I just tested your script and I was able to run it without any errors.
I am attaching the notebook I was using here. test_stream.html.zip
Hi, I'm using a loom file saving from a seurat object. My adata is like:
AnnData object with n_obs × n_vars = 56109 × 22965 obs: 'ClusterID', 'ClusterName', 'DF_classification', 'RNA_snn_res_1_5', 'cell_types', 'gender', 'group', 'nCount_RNA', 'nFeature_RNA', 'orig_ident', 'percent_hsp', 'percent_mt', 'percent_rb', 'seurat_clusters', 'label_color' var: 'Selected', 'vst_mean', 'vst_variable', 'vst_variance', 'vst_variance_expected', 'vst_variance_standardized' uns: 'label_color', 'workdir' obsm: 'harmony_cell_embeddings', 'pca_cell_embeddings', 'umap_cell_embeddings' varm: 'harmony_feature_loadings_projected', 'pca_feature_loadings' layers: 'norm_data', 'scale_data'
I extracted my cell labels by this: adata.obs['cell_types'].to_csv('labels.tsv',sep='\t',header=0)
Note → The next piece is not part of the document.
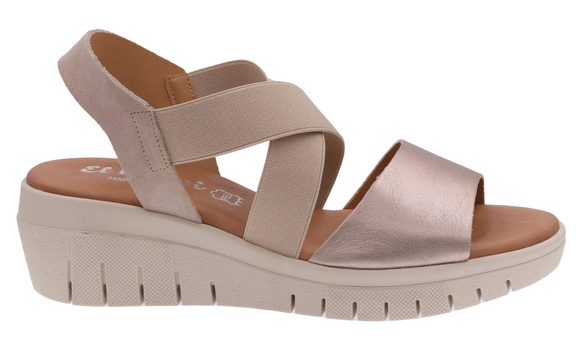 Sandały damskie letnie na gumki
But when I try to add it to my object by this: st.add_cell_labels(adata, file_name = 'labels.tsv')
It came an error: ValueError: Length mismatch: Expected axis has 56110 elements, new values have 56109 elements
I checked my adata, there seems 56109 cells with no problem:
Could you please help me? I can't figure it out.